PC:- Intel DG31PR Motherboard
Intel Dual Core E5300 Processor
1GB DDR2 RAM

My Budget is Under $60.


Thanks,

Mark


----------



## Tyree (May 10, 2009)

*Re: Compatible Graphics Card for Intel DG31PR*

Is this an OEM (HP-Dell-etc.) PC? 
Your Mobo has a PCI-E x16 slot.
Brand & Model of the PSU?
What OS?
You will also need more RAM if you want to game so I doubt if your $60 budget will get you anywhere close to doing what you want.


----------



## gcavan (Aug 13, 2009)

*Re: Compatible Graphics Card for Intel DG31PR*

The best card at that price point is probably the Radeon HD 6570.

An HD 6670 would be a good option if you can stretch your budget a little.


----------



## MarkNAndrews (Mar 29, 2012)

*Re: Compatible Graphics Card for Intel DG31PR*

Thanks Tyree & gcavan for the quick reply.

Yes it is an OEM - Dell
Windows 7, SP1 OS.
Power Supply:- ICOOL IC450W SATAPLUS (20+4PIN)

Well, I want to know the role of PSU in graphics card??

Will upgrading RAM to 3 GB help??


Thanks,
Mark


----------



## MarkNAndrews (Mar 29, 2012)

*Re: Compatible Graphics Card for Intel DG31PR*

@gcavan, as you suggested Radeon HD6570.

It has 1GB DDR3 Memory but my RAM is DDR2 & board supports the same i.e. DDR2.

So, Can i know the difference between these two?


Thanks,

Mark


----------



## Tyree (May 10, 2009)

*Re: Compatible Graphics Card for Intel DG31PR*

Your PSU is poor quality and probably a few yrs. old and should be replaced before installing a dedicated GPU and that will take your $60 budget: Antec NEO ECO 520C 520W Continuous Power ATX12V v2.3 / EPS12V 80 PLUS Certified Active PFC Power Supply - Newegg.com

For RAM, Crucial brand is the best choice for OEM Mobo's to avoid problems and RAM should be installed in matched pairs to avoid compatibility issues.
Crucial 4GB (2 x 2GB) 240-Pin DDR2 SDRAM DDR2 800 (PC2 6400) Dual Channel Kit Desktop Memory Model CT2KIT25664AA800 - Newegg.com

The above, plus the 6570 GPU, is putting you at just under $200.


----------



## gcavan (Aug 13, 2009)

*Re: Compatible Graphics Card for Intel DG31PR*



> It has 1GB DDR3 Memory but my RAM is DDR2 & board supports the same i.e.
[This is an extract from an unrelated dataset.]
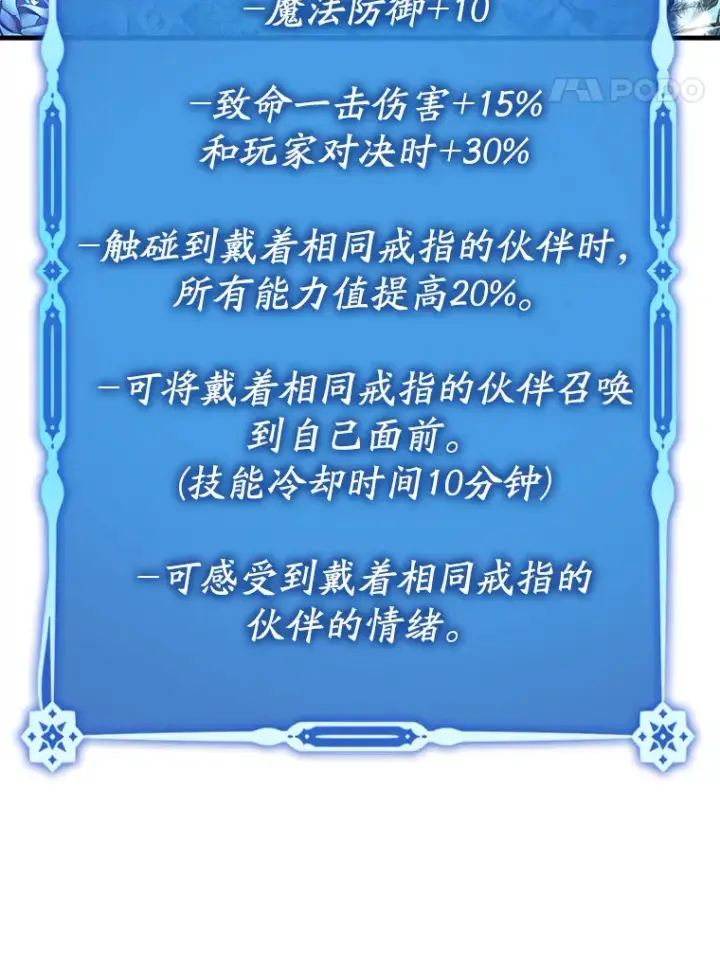 《虽是辅助，依旧带飞》27.邀请入会图119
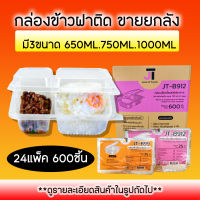 (ยกลัง600ชุด) กล่องข้าวฝาพับ ฝาล็อค กล่องข้าวฝาติด ขนาด650มล 750มล 1000มล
DDR2.
> So, Can i know the difference between these two?


The type of system memory you have has no bearing on the type of video memory used on the graphics card and vice versa.


----------



## emosun (Oct 4, 2006)

*Re: Compatible Graphics Card for Intel DG31PR*

I'm not too sure his E5300 is going to really be able to back up a gpu very well in terms of HD and games.


----------



## MarkNAndrews (Mar 29, 2012)

*Re: Compatible Graphics Card for Intel DG31PR*

Thanks gcavan for reply & thanks to emosun for the valuable advise.
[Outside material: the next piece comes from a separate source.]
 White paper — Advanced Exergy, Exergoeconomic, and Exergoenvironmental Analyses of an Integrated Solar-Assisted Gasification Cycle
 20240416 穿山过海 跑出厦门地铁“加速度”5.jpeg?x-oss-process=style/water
@tyree, what about Radeon 5450 1GB & Radeon 5450 2GB. 
Will they work on the same??

Does GPU's Clock speed & Memory matter?





Regards,


----------



## Tyree (May 10, 2009)

*Re: Compatible Graphics Card for Intel DG31PR*

You would still need a PSU with a 5450 and more RAM to play games effectively.


----------



## MarkNAndrews (Mar 29, 2012)

*Re: Compatible Graphics Card for Intel DG31PR*

Well tyree,

Is this Radeon 5450 1GB & 2GB better than HD6570?
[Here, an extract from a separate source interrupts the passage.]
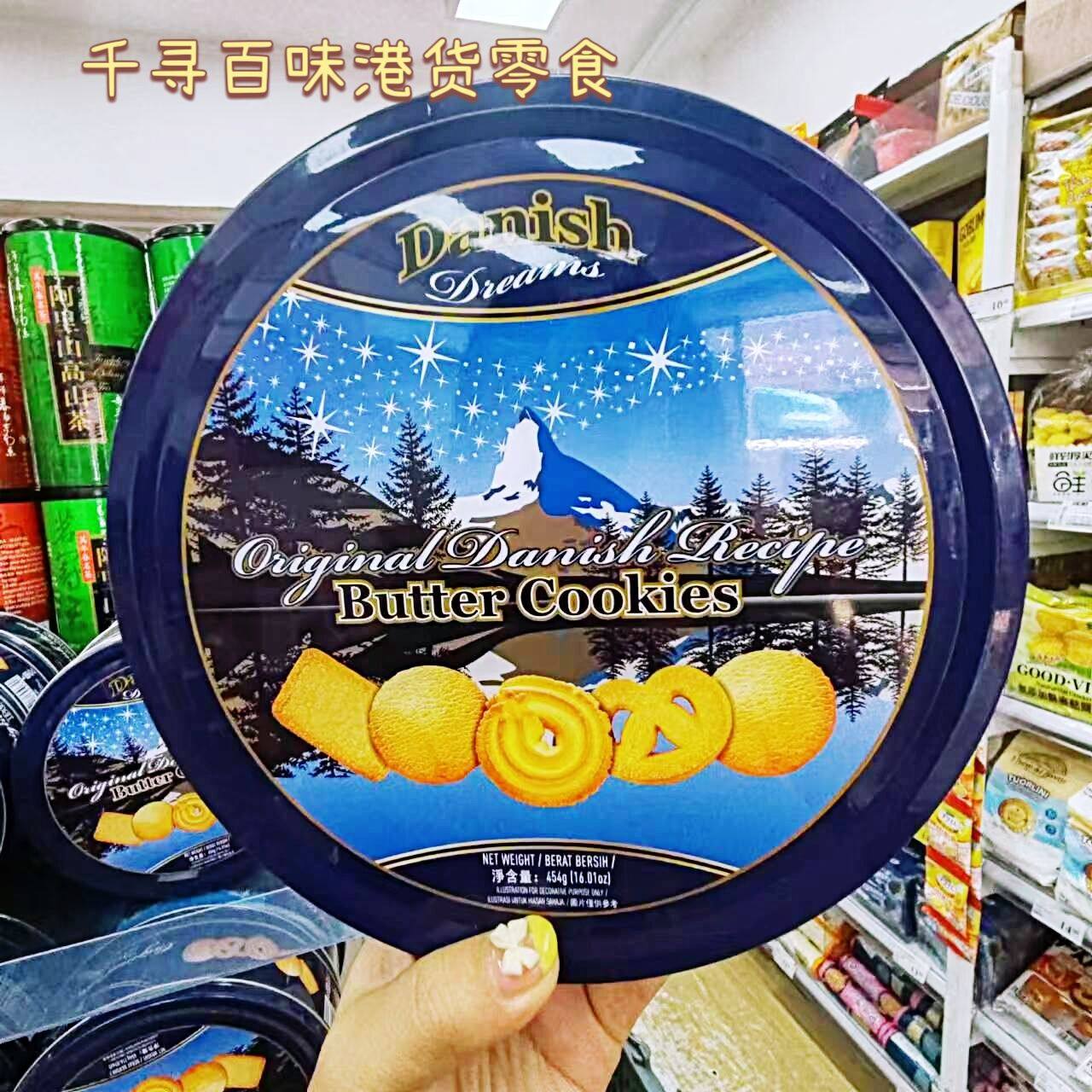 DanishDreams牛油曲奇饼干零食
As emosun said, E5300 will not handle HD games. Is it true??


Regards,


----------



## McNinja (Jun 22, 2008)

*Re: Compatible Graphics Card for Intel DG31PR*



> Is this Radeon 5450 1GB & 2GB better than HD6570


The newest generation of video cards are always better than the last. 

-6570 is a higher model and a new generation than the older 5450



> As emosun said, E5300 will not handle HD games. Is it true??


The CPU won't limit you on on a resolution like 1920 x 1080 which is current high Definition (HD). What will limit you is the graphics card. If the CPU can't handle the game though, that will limit the GPU. 

Basically what the GPU handles is pixels and creating textures from those pixels. If the CPU is having a hard time rendering the AI for a game then the GPU will suffer and won't synchronize properly.


----------



## MarkNAndrews (Mar 29, 2012)

*Re: Compatible Graphics Card for Intel DG31PR*

Thanks McNinja, Is HD6570 better than GT-9500 & GeForce 5200. When I had these two, I had clearly seen the difference in gaming. Will I get better gaming than these two??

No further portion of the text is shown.